● **Aim of the task**
The whole listing below should be printed again exactly, with no images.

● **Dataset content**
########################################

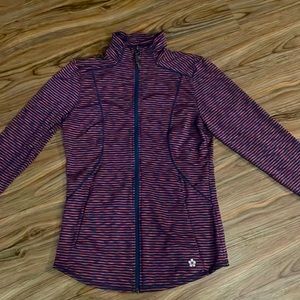 Tuff athletics, navy blue and purple long sleeve active wear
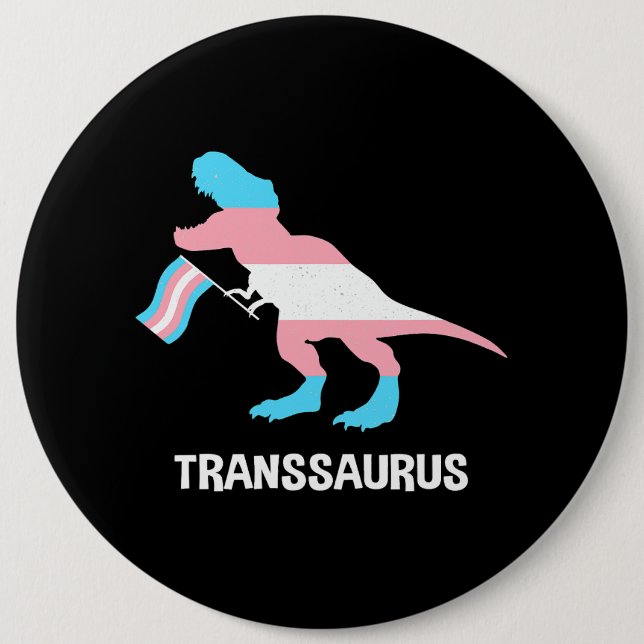 Transsaurus Transgender TRex Dinosaur HGBTQ Trans Knapp (Framsida)
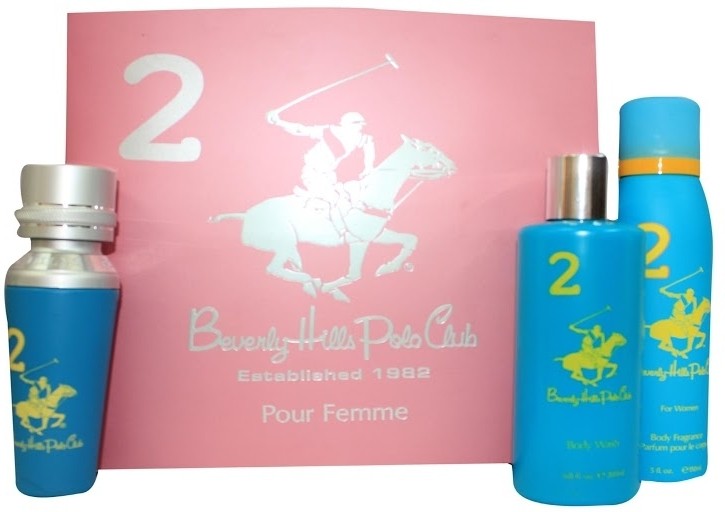 Shop Beverly Hills Polo Club Sport No 2 For Women 200ML Body Wash, 50ML EDT Perfume and 150ML Deodorant Gift Set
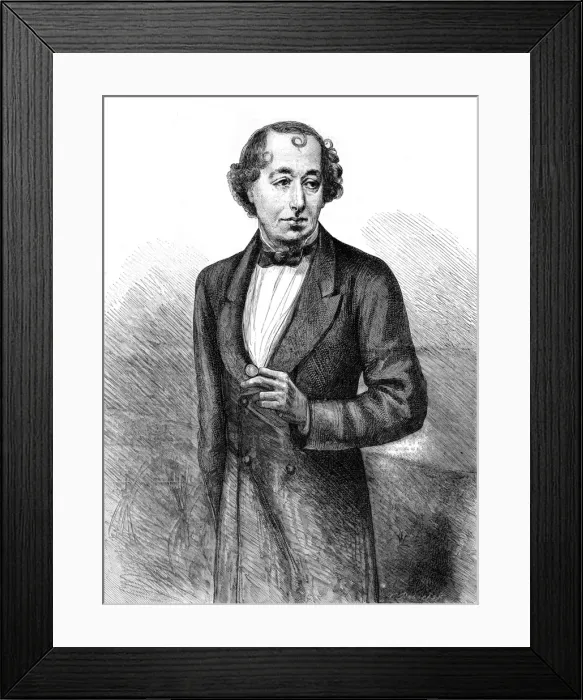 Framed Print : Benjamin Disraeli, (1804-1881) Framed Print : Benjamin Disraeli, (1804-1881)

########################################

● **Exercise solution**
 Tuff athletics, navy blue and purple long sleeve active wear
 Transsaurus Transgender TRex Dinosaur HGBTQ Trans Knapp (Framsida)
 Shop Beverly Hills Polo Club Sport No 2 For Women 200ML Body Wash, 50ML EDT Perfume and 150ML Deodorant Gift Set
 Framed Print : Benjamin Disraeli, (1804-1881) Framed Print : Benjamin Disraeli, (1804-1881)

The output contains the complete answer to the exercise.